「昼間のバスって全然お客さん乗ってないね。どうせ乗らないのならあんなに大きなのを無駄に走らせるのではなくて、小さいバスに変えたほうがよほど効率いいんじゃないの?」
社外の会合などに出ていると、このような趣旨のことを時々言われます。
地方の商店街や田園を、空席が目立つ(というよりほとんど空席の)路線バスが走っている風景。この連載をお読みの方も、地方の日常としてイメージいただけるかもしれません。私も正直言って、そんな日常を地方バス事業の衰退の象徴のようにとらえていました。しかし実際にバス事業に関与するようになって、その認識が大きな誤解だとわかりました。

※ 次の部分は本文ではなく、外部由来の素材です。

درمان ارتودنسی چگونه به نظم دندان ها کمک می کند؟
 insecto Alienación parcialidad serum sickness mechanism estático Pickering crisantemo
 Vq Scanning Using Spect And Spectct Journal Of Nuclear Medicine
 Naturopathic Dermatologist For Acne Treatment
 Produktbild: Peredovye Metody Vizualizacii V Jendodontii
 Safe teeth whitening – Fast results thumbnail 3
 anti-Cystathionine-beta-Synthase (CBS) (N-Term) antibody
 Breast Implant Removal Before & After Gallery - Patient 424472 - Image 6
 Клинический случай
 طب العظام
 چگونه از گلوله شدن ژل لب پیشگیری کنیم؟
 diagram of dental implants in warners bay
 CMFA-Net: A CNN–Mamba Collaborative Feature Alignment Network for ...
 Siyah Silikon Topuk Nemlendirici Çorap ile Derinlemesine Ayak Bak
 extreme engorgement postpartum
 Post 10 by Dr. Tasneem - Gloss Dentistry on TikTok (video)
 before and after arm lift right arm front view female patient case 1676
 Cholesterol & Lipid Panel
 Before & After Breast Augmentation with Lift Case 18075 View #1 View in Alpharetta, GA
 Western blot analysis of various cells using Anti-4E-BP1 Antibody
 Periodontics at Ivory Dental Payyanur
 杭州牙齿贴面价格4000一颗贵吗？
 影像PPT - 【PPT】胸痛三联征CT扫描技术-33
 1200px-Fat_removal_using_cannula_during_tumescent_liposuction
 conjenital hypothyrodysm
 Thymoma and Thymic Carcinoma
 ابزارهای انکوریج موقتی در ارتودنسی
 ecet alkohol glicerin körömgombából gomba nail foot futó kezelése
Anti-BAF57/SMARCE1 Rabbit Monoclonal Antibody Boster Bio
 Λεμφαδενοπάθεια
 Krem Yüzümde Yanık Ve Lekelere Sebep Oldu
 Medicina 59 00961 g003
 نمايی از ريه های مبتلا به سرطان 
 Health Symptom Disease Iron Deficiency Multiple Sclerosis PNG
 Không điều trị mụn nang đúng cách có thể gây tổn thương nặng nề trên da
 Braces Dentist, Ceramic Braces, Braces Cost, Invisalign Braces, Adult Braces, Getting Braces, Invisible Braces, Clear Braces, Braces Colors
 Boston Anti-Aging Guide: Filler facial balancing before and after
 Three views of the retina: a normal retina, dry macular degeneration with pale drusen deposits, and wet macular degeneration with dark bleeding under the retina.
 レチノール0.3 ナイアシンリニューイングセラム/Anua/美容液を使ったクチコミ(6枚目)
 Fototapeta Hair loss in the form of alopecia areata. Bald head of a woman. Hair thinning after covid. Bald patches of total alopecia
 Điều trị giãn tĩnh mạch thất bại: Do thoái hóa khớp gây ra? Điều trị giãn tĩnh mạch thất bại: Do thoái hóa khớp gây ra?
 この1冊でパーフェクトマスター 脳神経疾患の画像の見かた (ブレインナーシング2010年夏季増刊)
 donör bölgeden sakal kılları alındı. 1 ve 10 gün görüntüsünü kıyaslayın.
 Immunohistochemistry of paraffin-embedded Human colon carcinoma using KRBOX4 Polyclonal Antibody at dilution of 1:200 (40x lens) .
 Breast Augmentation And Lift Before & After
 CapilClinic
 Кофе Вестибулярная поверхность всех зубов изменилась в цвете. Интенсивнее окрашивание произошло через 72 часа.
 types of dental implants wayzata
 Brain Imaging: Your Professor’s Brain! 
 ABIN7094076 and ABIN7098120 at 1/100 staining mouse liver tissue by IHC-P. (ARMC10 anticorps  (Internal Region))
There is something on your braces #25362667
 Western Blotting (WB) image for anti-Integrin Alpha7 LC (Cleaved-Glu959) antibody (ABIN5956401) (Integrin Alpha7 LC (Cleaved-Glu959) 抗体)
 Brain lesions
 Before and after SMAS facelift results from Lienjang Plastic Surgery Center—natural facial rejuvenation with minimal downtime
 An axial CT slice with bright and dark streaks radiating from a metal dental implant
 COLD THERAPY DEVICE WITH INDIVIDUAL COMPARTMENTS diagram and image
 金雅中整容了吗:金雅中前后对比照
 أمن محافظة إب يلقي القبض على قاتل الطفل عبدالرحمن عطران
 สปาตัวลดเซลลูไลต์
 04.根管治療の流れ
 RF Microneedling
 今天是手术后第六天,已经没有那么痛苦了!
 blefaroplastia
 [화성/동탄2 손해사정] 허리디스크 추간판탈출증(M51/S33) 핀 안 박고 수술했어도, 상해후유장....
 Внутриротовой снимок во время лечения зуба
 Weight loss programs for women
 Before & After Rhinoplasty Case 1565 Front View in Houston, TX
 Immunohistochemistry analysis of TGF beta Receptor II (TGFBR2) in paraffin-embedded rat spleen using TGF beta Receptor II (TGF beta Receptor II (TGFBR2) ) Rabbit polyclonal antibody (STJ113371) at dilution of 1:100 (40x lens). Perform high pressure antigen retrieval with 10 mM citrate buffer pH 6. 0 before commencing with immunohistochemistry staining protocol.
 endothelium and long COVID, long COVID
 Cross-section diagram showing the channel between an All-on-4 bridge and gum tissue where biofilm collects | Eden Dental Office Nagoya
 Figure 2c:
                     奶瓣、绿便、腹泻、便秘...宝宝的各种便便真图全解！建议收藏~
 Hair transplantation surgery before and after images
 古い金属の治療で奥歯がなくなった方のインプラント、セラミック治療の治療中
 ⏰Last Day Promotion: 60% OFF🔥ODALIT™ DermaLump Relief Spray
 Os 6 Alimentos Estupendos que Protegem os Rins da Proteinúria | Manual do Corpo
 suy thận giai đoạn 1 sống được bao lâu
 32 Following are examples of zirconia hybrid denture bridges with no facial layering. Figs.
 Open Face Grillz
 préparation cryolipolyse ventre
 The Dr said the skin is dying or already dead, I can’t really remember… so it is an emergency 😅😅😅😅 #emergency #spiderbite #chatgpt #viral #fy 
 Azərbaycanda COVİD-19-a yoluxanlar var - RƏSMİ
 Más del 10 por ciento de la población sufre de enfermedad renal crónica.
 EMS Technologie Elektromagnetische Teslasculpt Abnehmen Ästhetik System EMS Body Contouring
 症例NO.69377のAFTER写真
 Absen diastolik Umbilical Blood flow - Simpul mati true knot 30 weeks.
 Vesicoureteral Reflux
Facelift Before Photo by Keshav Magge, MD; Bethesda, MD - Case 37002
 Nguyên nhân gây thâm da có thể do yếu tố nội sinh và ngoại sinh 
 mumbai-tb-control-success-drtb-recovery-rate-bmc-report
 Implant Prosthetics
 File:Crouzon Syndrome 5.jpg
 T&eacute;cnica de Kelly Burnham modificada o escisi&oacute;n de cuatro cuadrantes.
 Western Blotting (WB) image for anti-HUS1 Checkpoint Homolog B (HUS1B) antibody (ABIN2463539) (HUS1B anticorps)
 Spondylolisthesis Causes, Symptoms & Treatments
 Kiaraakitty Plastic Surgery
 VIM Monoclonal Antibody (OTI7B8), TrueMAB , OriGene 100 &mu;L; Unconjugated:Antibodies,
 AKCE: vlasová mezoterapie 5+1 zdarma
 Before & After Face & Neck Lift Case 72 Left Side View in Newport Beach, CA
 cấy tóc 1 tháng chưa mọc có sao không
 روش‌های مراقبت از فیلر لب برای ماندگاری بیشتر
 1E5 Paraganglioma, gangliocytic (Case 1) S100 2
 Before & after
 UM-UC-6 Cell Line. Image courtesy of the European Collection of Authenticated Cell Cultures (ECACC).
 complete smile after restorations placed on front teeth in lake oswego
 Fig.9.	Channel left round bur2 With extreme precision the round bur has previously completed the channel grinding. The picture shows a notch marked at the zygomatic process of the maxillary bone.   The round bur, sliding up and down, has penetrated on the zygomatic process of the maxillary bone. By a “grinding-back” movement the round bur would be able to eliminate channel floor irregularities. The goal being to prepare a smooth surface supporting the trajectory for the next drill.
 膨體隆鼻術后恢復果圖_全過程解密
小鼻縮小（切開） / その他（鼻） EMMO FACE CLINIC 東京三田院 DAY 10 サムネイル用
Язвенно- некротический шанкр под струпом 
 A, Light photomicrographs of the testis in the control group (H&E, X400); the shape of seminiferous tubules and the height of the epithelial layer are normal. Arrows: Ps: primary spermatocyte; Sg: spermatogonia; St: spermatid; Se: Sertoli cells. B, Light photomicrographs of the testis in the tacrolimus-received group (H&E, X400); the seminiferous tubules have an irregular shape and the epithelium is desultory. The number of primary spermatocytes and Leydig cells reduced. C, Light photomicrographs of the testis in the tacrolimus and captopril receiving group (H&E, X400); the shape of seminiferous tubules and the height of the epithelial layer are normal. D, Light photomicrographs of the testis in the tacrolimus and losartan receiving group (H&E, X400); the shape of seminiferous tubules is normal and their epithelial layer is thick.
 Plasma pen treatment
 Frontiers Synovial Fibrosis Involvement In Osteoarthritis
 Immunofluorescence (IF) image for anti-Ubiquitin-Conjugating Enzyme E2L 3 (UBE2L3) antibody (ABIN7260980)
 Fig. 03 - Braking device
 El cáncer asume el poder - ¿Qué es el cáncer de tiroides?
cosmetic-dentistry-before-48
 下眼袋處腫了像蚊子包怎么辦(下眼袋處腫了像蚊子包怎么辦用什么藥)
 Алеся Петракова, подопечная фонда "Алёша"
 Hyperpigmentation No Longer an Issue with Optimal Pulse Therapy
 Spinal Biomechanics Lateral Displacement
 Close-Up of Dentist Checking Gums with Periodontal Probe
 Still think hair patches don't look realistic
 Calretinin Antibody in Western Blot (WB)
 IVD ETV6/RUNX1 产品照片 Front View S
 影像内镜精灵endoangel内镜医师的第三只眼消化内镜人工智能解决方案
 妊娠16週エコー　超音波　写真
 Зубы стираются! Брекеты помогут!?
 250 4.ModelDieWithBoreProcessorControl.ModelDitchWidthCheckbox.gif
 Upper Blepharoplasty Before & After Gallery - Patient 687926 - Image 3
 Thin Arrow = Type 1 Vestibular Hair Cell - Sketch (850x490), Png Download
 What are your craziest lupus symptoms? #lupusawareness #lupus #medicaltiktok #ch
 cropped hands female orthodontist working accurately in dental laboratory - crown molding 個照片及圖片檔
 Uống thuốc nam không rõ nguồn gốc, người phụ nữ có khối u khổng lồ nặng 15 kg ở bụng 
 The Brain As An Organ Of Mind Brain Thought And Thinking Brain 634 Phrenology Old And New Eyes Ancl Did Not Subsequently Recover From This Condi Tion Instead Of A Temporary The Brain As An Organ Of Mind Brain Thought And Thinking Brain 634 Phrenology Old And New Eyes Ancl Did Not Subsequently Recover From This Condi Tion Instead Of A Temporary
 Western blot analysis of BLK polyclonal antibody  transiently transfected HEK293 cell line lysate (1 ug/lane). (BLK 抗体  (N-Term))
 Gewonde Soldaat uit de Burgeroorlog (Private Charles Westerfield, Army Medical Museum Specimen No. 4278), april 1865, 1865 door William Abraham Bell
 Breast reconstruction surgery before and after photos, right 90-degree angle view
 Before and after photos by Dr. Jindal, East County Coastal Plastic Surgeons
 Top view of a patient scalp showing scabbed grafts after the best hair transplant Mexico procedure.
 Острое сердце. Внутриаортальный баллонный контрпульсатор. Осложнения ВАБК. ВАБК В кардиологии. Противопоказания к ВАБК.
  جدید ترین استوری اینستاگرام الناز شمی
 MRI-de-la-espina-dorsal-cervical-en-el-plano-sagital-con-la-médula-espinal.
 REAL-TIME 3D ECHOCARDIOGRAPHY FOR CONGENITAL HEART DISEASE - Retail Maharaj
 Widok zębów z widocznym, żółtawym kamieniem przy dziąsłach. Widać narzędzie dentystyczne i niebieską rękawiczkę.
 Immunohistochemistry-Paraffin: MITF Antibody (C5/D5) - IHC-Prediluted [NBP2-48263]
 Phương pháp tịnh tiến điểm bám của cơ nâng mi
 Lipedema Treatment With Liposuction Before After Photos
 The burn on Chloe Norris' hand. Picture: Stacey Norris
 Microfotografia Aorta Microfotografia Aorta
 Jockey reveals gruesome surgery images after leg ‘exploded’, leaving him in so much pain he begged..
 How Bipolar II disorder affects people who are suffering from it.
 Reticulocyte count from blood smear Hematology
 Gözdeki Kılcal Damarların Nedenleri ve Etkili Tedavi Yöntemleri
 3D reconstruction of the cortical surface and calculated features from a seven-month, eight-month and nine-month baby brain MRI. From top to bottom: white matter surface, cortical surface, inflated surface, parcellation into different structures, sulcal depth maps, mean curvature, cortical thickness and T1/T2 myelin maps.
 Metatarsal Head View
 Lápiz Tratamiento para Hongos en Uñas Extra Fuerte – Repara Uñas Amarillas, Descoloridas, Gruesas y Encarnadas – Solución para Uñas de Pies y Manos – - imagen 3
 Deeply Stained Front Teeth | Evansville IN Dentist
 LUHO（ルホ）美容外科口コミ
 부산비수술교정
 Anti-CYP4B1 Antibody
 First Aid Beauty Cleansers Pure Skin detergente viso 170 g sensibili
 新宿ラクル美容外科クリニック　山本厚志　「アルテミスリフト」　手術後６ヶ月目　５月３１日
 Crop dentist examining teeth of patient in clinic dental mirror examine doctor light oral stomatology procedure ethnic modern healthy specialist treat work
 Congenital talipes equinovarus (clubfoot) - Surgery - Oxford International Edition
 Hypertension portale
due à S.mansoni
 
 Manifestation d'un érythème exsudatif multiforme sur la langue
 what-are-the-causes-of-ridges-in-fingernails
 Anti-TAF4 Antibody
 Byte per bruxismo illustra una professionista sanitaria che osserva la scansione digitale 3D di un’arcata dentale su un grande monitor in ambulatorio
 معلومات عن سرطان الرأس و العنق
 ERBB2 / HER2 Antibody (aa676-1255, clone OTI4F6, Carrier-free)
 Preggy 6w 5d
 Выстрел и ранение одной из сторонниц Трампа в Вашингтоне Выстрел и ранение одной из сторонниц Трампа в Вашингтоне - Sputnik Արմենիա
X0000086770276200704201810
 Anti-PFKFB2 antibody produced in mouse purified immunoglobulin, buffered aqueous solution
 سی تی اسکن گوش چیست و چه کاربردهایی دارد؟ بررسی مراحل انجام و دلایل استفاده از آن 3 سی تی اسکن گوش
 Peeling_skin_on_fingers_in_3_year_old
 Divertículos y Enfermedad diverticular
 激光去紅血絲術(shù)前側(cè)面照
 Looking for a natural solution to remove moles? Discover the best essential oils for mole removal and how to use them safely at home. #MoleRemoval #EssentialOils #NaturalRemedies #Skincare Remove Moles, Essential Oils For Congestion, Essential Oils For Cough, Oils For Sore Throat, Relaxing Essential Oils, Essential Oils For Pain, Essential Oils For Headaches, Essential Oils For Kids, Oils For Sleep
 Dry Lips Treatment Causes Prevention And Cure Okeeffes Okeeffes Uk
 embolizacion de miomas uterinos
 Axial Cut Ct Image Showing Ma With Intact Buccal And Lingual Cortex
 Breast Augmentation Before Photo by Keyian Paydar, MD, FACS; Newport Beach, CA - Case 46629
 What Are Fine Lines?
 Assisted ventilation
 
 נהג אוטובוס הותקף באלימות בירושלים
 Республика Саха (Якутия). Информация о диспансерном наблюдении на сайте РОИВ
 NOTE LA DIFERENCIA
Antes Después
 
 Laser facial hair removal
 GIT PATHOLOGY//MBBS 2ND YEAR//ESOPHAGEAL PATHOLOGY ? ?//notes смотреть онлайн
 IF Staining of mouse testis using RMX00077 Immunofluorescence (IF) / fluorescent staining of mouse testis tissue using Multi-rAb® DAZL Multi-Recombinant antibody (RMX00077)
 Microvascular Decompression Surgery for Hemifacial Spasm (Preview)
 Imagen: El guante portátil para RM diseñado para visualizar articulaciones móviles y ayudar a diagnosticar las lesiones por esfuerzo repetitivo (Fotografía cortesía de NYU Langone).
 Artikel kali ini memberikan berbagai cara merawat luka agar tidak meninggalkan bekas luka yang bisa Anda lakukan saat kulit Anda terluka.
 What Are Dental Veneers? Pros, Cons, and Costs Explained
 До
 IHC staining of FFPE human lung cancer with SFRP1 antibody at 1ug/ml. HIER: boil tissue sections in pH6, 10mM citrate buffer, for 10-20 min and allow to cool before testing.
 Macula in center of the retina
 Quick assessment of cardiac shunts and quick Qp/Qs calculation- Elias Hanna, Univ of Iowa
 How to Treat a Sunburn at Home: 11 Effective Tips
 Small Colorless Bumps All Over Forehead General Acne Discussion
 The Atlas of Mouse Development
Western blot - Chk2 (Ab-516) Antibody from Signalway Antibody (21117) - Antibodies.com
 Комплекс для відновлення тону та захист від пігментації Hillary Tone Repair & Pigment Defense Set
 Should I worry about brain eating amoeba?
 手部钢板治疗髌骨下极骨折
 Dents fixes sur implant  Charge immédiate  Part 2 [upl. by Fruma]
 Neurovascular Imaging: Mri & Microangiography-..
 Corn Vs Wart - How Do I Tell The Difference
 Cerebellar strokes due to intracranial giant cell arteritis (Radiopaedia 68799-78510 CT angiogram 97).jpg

なぜ昼間に空席が目立ち、そしてなぜそれが放置され続けているのでしょうか?
バスの運用では、大は小を兼ねる
バス需要のピークは朝と夕の通勤・通学需要です。特に朝の時間帯は乗り切れないくらいのお客様がいます。そして多くの場合、車両は通勤・通学の時間帯専用ではなく、いろいろな路線や時間でできるだけ効率的に使いまわします。
したがって昼間は空のバスでも、時間帯によっては乗り切らないほどの需要を迎える場合が少なからずあり、昼間帯のバスのサイズを小さくしてしまうと、朝晩のピーク時にお客様を乗せ切れない状況が発生します。
また費用面でみても、バスのサイズを小さくすることで費用が変わるかというと、実は大して変わりません。たとえば人件費は乗務時間で決まりますから、どのサイズの車両でも乗務時間が変わらなければ人件費は当然一緒です。燃料費も車両のサイズでそんなに変わりません。車両を変えれば減価償却としてPLの負担も重くなるし、何より少なくとも数百万単位のキャッシュが外に出ていきます。
したがって合理的に考えるとバスの運用というものは、大は小を兼ねる。昼間空席が相当目立っても、今の大きな路線バスを使用するのが一番割に合うわけです。